◆ **Task prompt**
Below is a listing; restate from it, character for character, the lines beginning at the line holding "Ignition Switch 37410-59110" and ending at the line holding "Birkenstocks. Size 36.", both included.
Extracted material: Begin
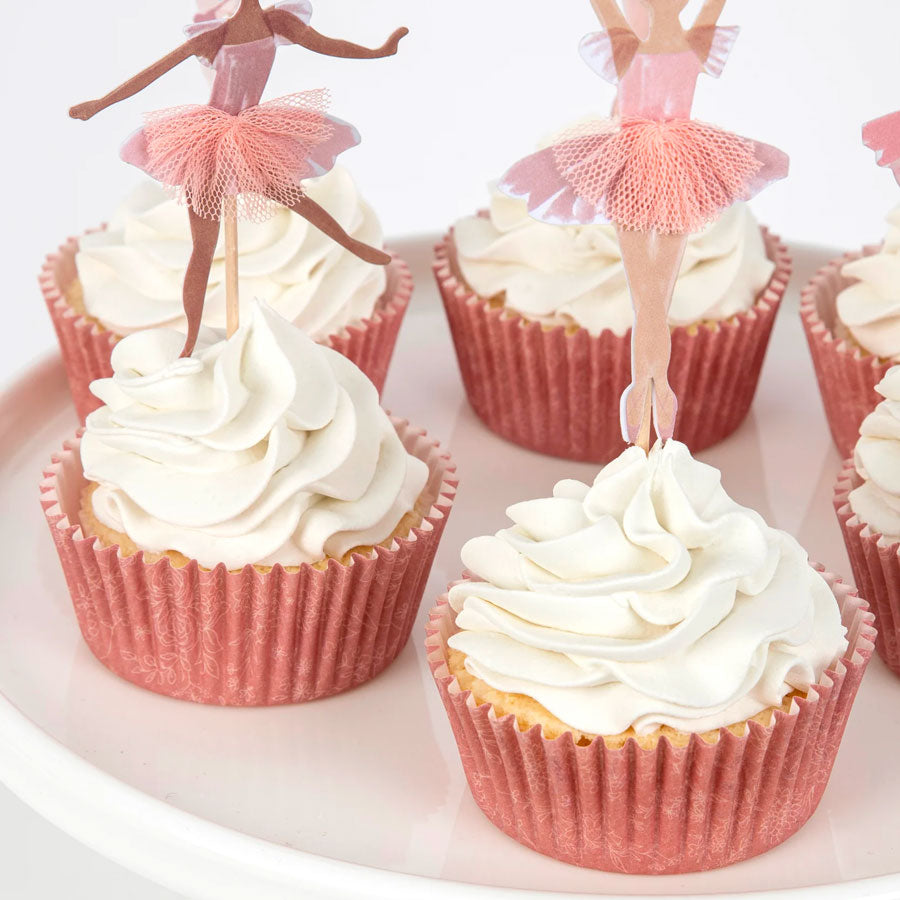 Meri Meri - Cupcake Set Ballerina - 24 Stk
Extracted material: End
Extracted material: Begin
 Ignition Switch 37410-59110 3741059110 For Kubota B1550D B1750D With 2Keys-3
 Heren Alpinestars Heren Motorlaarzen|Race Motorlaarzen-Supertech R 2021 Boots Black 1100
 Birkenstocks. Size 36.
Extracted material: End
◆ **Solution for this task**
 Ignition Switch 37410-59110 3741059110 For Kubota B1550D B1750D With 2Keys-3
 Heren Alpinestars Heren Motorlaarzen|Race Motorlaarzen-Supertech R 2021 Boots Black 1100
 Birkenstocks. Size 36.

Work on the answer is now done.